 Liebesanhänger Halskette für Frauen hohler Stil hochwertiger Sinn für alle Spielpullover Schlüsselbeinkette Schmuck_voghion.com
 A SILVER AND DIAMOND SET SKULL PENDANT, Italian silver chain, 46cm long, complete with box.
◇ ◇ ◇ ◇ ◇ ◇ ◇
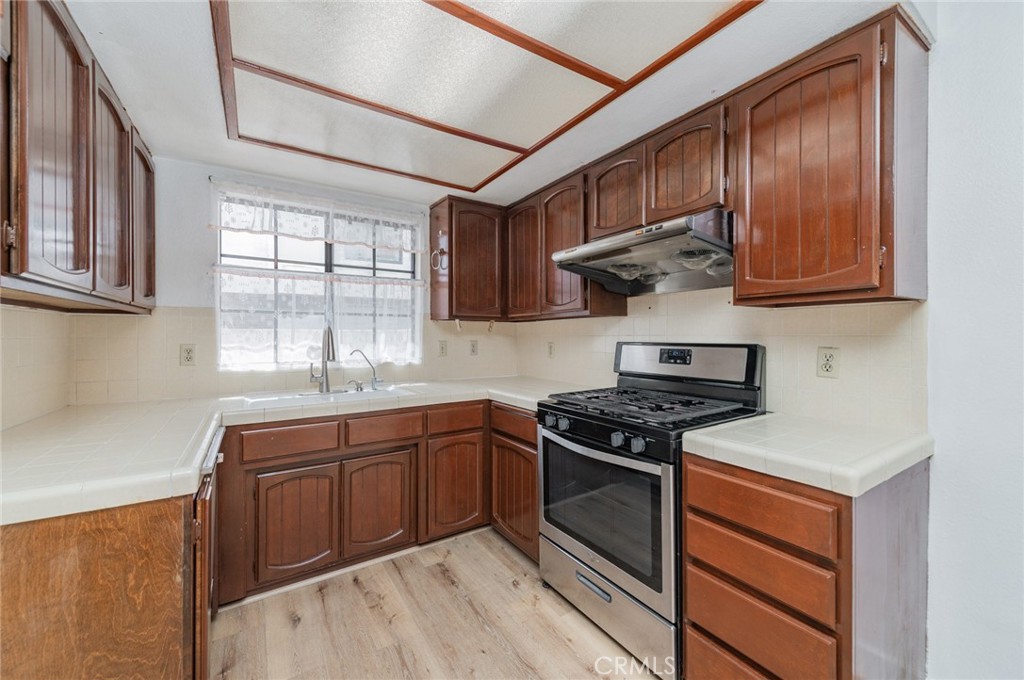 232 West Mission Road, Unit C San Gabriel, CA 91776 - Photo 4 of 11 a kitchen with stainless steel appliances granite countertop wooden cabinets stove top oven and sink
◇ ◇ ◇ ◇ ◇ ◇ ◇
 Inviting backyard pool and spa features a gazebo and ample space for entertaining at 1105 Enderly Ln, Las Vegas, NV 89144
◇ ◇ ◇ ◇ ◇ ◇ ◇
#### DIRECTIONS FOR THIS TASK
Restate word for word the lines of the data above, starting at the line containing "Liebesanhänger Halskette für" and ending at the line containing "A SILVER AND", both included, and nothing more.

#### SOLUTION
 Liebesanhänger Halskette für Frauen hohler Stil hochwertiger Sinn für alle Spielpullover Schlüsselbeinkette Schmuck_voghion.com
 A SILVER AND DIAMOND SET SKULL PENDANT, Italian silver chain, 46cm long, complete with box.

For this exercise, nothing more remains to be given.